Learning Dirac Spectral Transforms for Topological Signals

TL;DR

This paper introduces a novel spectral transform based on the Dirac operator for topological signals, demonstrating improved performance in capturing cross-domain interactions and optimizing the distortion-sparsity tradeoff.

Contribution

It proposes a parameterized Dirac spectral transform with learnable mode-specific parameters, outperforming traditional methods in topological signal processing.

Findings

Overcomplete basis improves performance over single approaches.

Learning mode-specific parameters enhances distortion-sparsity tradeoff.
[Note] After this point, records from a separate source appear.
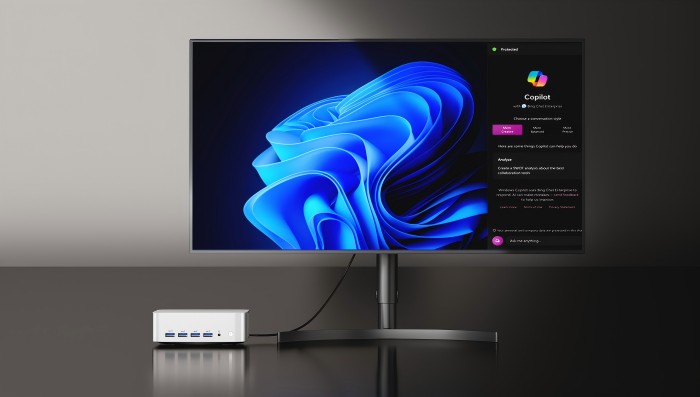 geekom mini pc a8 with monitor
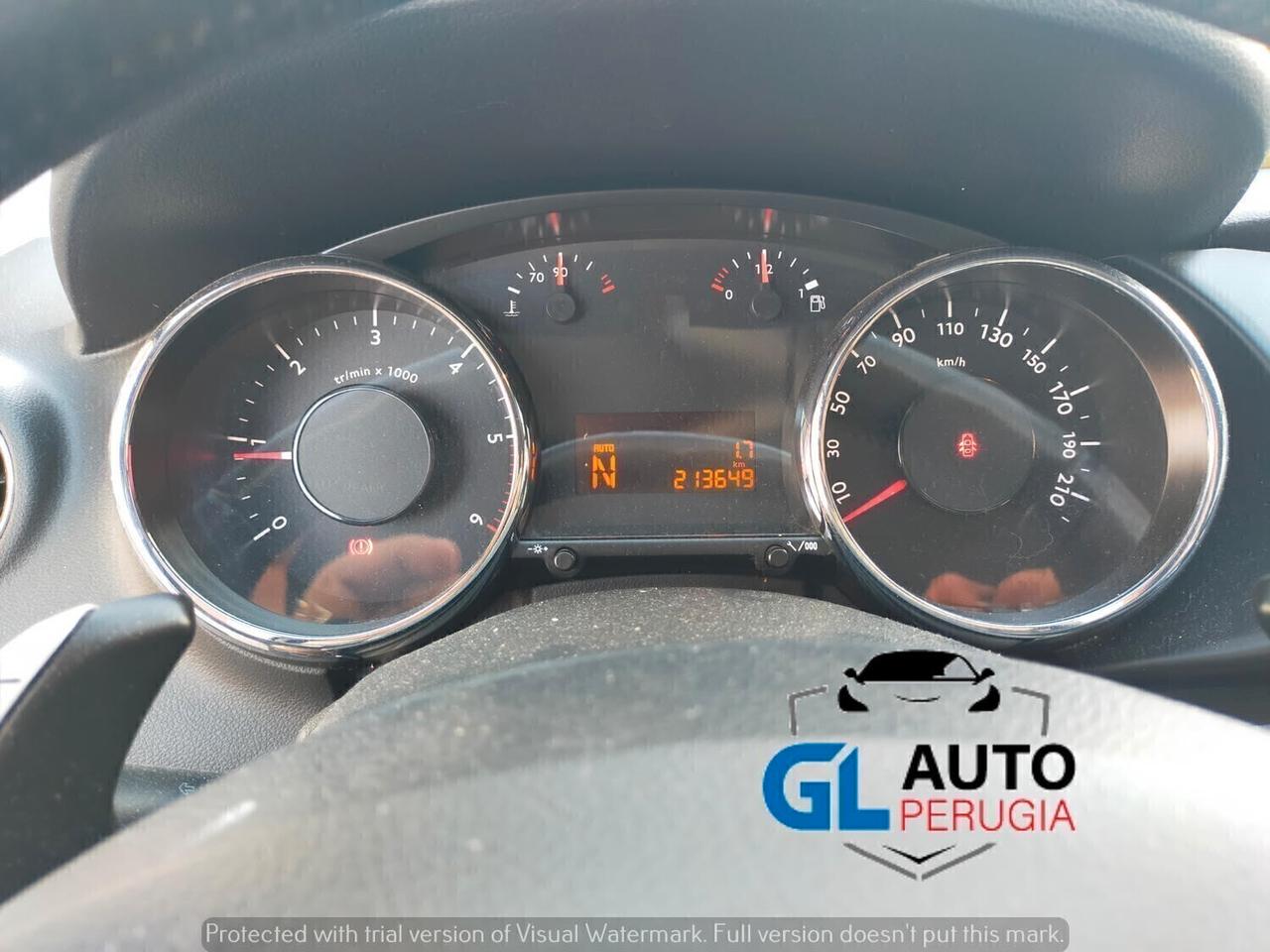 PEUGEOT 3008 1.6 HDI automatica con Grip Control Full opt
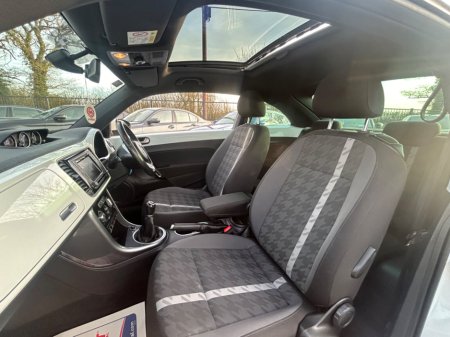 2017 Volkswagen Beetle - thumbnail 9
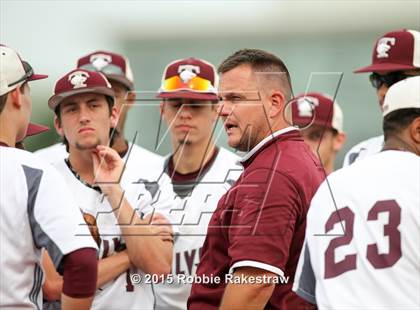 Thumbnail 2 in Corsicana vs. Mansfield Timberview (UIL 5A Area Playoff) photogallery.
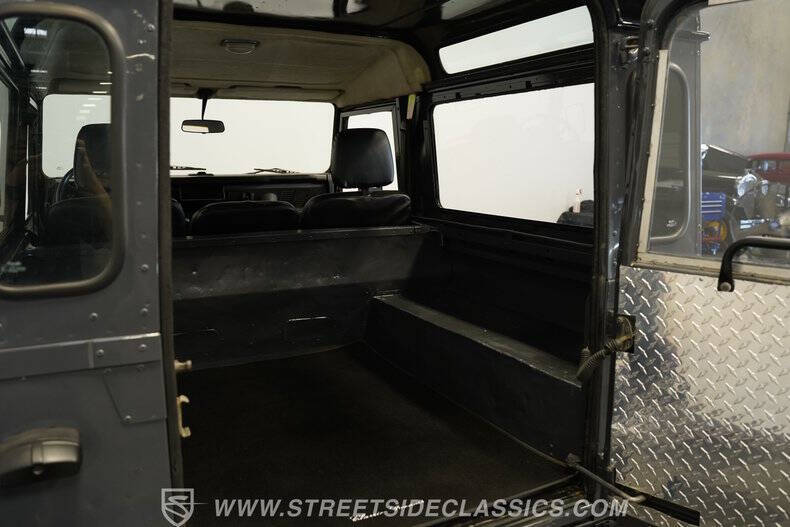1987 Land Rover Defender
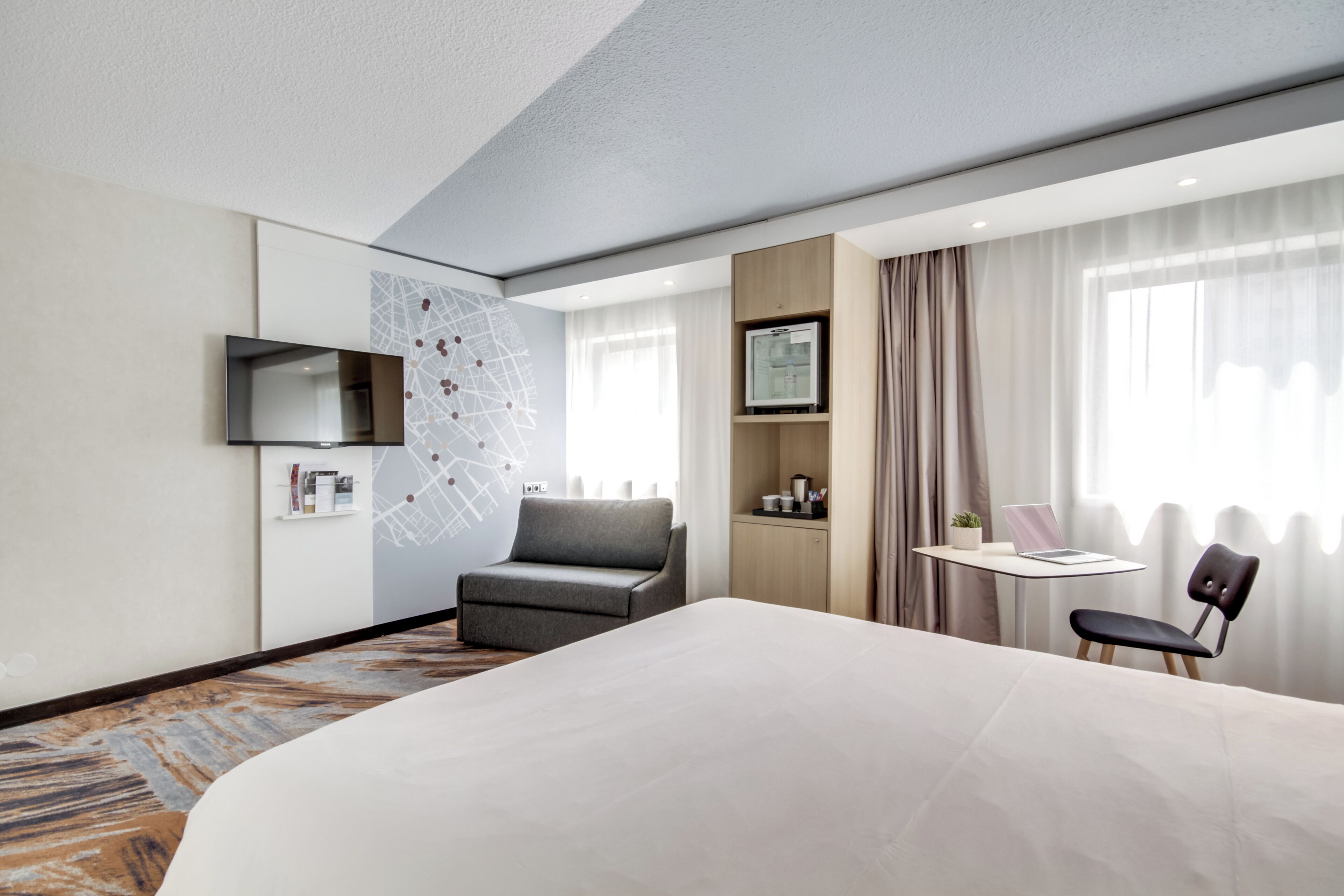 Privilege, Habitación, varias camas | Ropa de cama de alta calidad, minibar, caja fuerte y escritorio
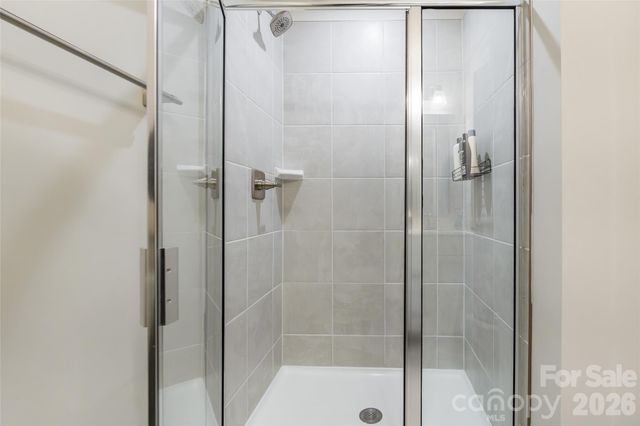 924 Broad River Lane, Charlotte, NC 28211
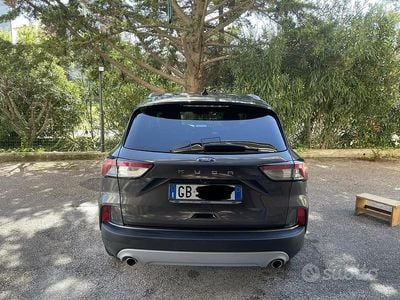 Begagnad Ford Kuga Titanium 120 HK (88 kW) 2020 Grå SUV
Dirac-based transform captures cross-domain interactions effectively.

Abstract

The Dirac operator provides a unified framework for processing signals defined over different order topological domains, such as node and edge signals. Its eigenmodes define a spectral representation that inherently captures cross-domain interactions, in contrast to conventional Hodge-Laplacian eigenmodes that operate within a single topological dimension. In this paper, we compare the two alternatives in terms of the distortion/sparsity trade-off and we show how an overcomplete basis built concatenating the two dictionaries can provide better performance with respect to each approach. Then, we propose a parameterized nonredundant transform whose eigenmodes incorporate a mode-specific mass parameter that captures the interplay between node and edge modes. Interestingly, we show that learning the mass parameters from data makes the proposed transform able to achieve the best distortion-sparsity tradeoff with respect to both complete and overcomplete bases.